Equating the unequal is what “Equity” means, the opposite to its dictionary meaning that is “freedom from bias or favoritism.” It has become a capitalized Orwellian misnomer, inverted to replace equality of treatment of all groups with preference to those “underrepresented” ones, as if judging an individual by the racial group assignment, favored/disfavored, for the sake of “anti-racism,” is not racism. As if enriching the roster of cardiology students with less successful ones will be to anybody’s heart’s content—except for the “Diversity, Equity, and Inclusion” commissars’, until they themselves become victims of the “Diversity-Equity” physicians.

That would be true “Inclusion,” concluding education that is offered now by the university I have been part of for over 30 years, in the city that a professor of this university has recently declared “America’s apartheid city.” Yes, the discoverer of Pittsburgh’s apartheid, a Pitt Law Associate Professor, is aware that it is “a jarring comparison at first blush.” Not that it becomes any less so at any blush to anybody sane who knows what the actual apartheid was, forcibly separating Africans and herrenvolk Afrikaners in every life aspect. Nowadays, the results of searching the web for “apartheid” will include a slanderous misnomer, accusing of apartheid Israel and Pittsburgh. Obviously, that “Inclusion” removes any true meaning from apartheid.

The misnomers serve their purpose.

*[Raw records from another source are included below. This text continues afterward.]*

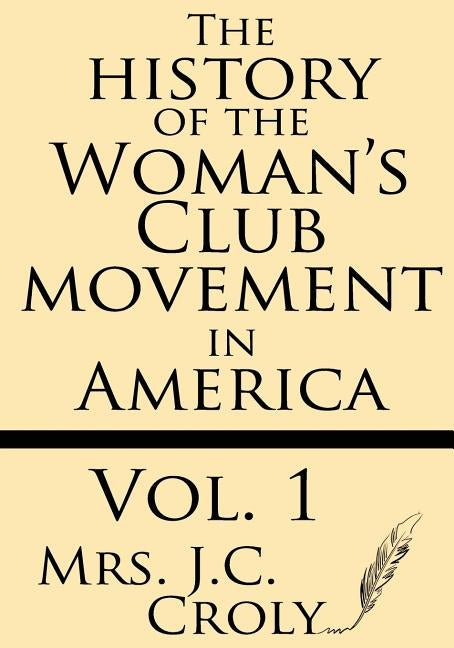 The History of the Woman's Club Movement in America by Croly, J. C.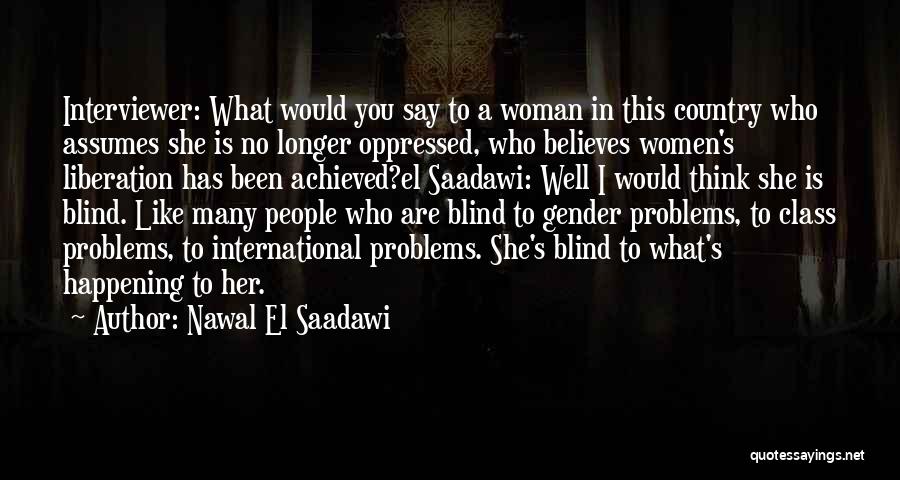 Nawal El Saadawi Quotes: Interviewer: What Would You Say To A Woman In This Country Who Assumes She Is No Longer Oppressed, Who Believes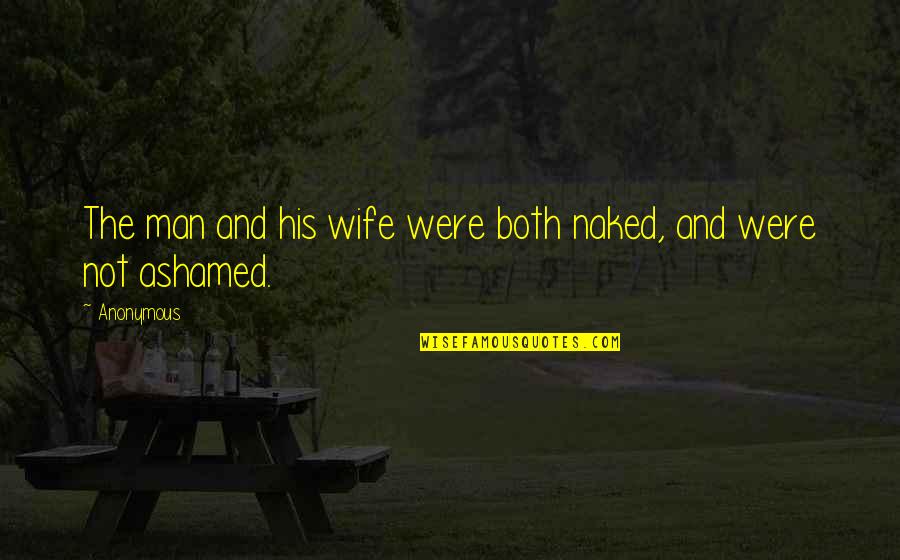 Bumbu Rum Quotes By Anonymous: The man and his wife were both naked,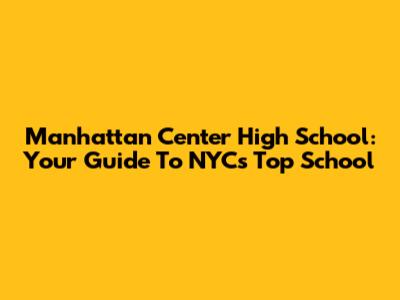 Manhattan Center High School: Your Guide To NYC's Top School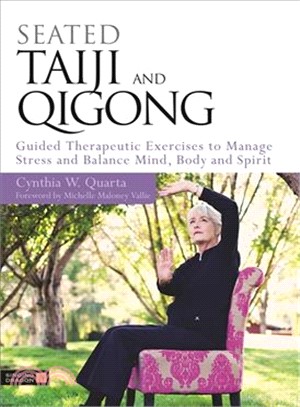 Seated Tai Chi and Qigong ─ Guided Therapeutic Exercises to Manage Stress and Balance Mind, Body and Spirit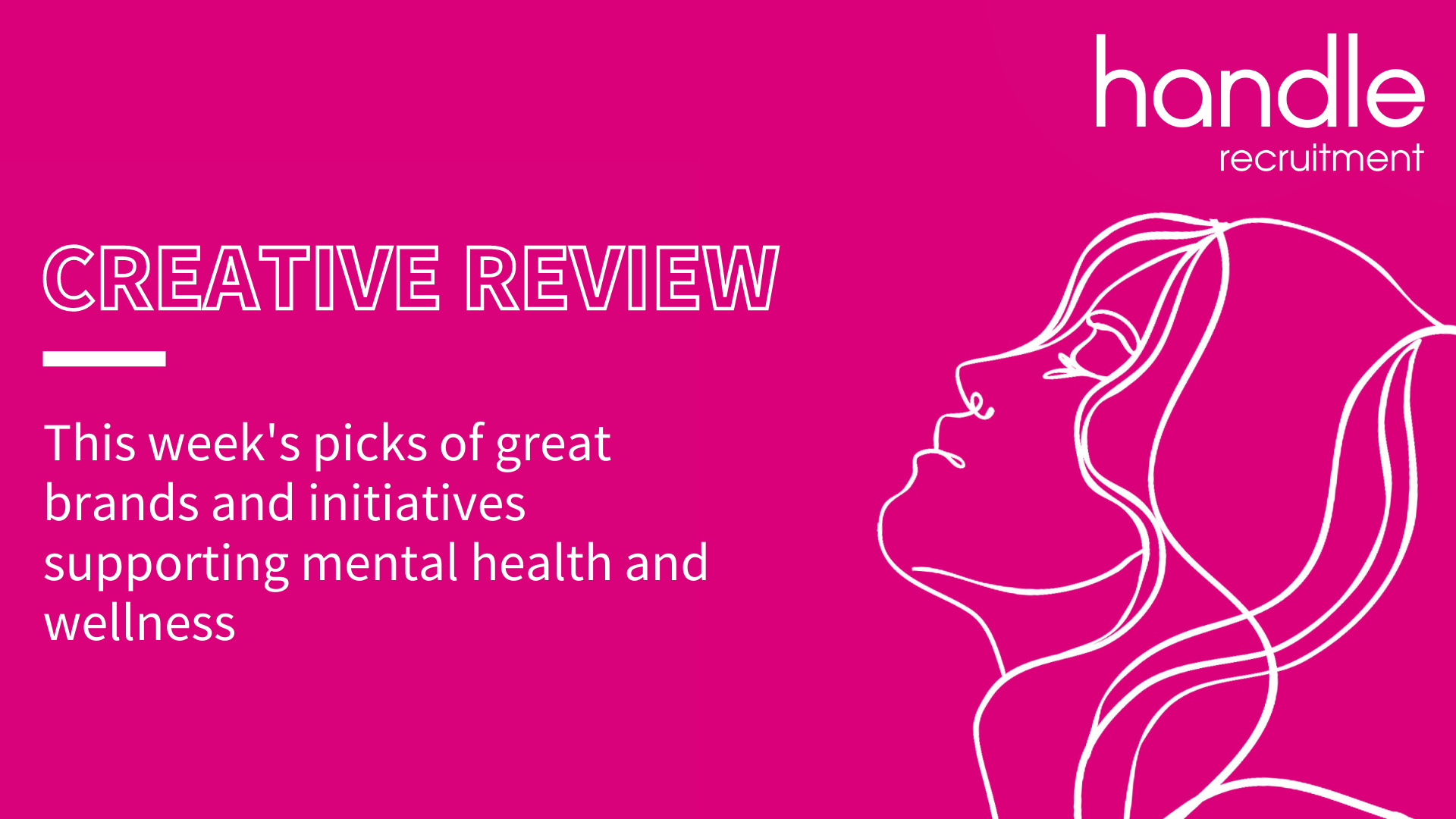 Creative Review for Mental Wellbeing - Handle Recruitment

An indoctrination tool, they are to create a new mentality, just as Soviet education was to create a “New Soviet Man.” As the Soviet university student was to memorize the fake “History” of the Communist Party of the Soviet Union based on Stalin’s Brief Course, the new curricula contain mandatory time-wasting courses on “anti-racism,” a Newspeak misnomer for Marxian racist war-mongering. So far, it has been working. I am not aware of any objections to these courses from students, who could use that time for actual learning.

Neither did I have student support when I objected to the well-attended online Pitt-wide talk by Angela Davis, an old Communist antisemitic terrorist supporter, invited and introduced by the “tremendous[ly] honor[ed]” university leadership as “world-renowned social justice educator and activist.” With her understanding of social justice, she was admired as well by Brezhnev and communists around the world—but refused the request to help dissidents imprisoned in the gulag. Solzhenitsyn, in his prescient Warning to the West, said about her cruelty: “That is the face of Communism. That is the heart of Communism for you.” Communism, to remind the forgetful, is the ideology that is guilty of 100 million deaths.

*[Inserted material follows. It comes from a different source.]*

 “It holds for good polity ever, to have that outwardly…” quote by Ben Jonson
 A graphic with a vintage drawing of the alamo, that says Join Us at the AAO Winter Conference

That was, apparently, the “more just society” that is nowadays sought by the American educators. Needless to say, my emails to the university’s leadership, from the Chancellor down, asking to disinvite Davis, were graced with no reply. My small consolation is that all the accolades to her have not helped Pitt raise its disgraceful “Diversity” rank of 304 nationally (yes, there is such a thing, where races, ethnicities, and sexes are counted and weighed, proudly topped by Yale). Perhaps it is time to start expelling students of wrong races/ethnicities—there are historical precedents for those negative selection measures.

Just as did the Soviet propaganda, this nightmare will eventually end, I hope. Unfortunately, it took 70 years in the former case—and it does not look like Russia is out of the woods at all. It is a sad thought, but the rotten fruits of today’s American ideological education may take as long to play out and arrive to where their place should be. History’s garbage pile.

About the Author
Michael Vanyukov holds a Ph.D. in genetics and is Professor of Pharmaceutical Sciences, Psychiatry, and Human Genetics at the University of Pittsburgh. He immigrated in the US as a refugee from the Soviet Union over 30 years ago. The views expressed here are his own and do not represent any institution or organization.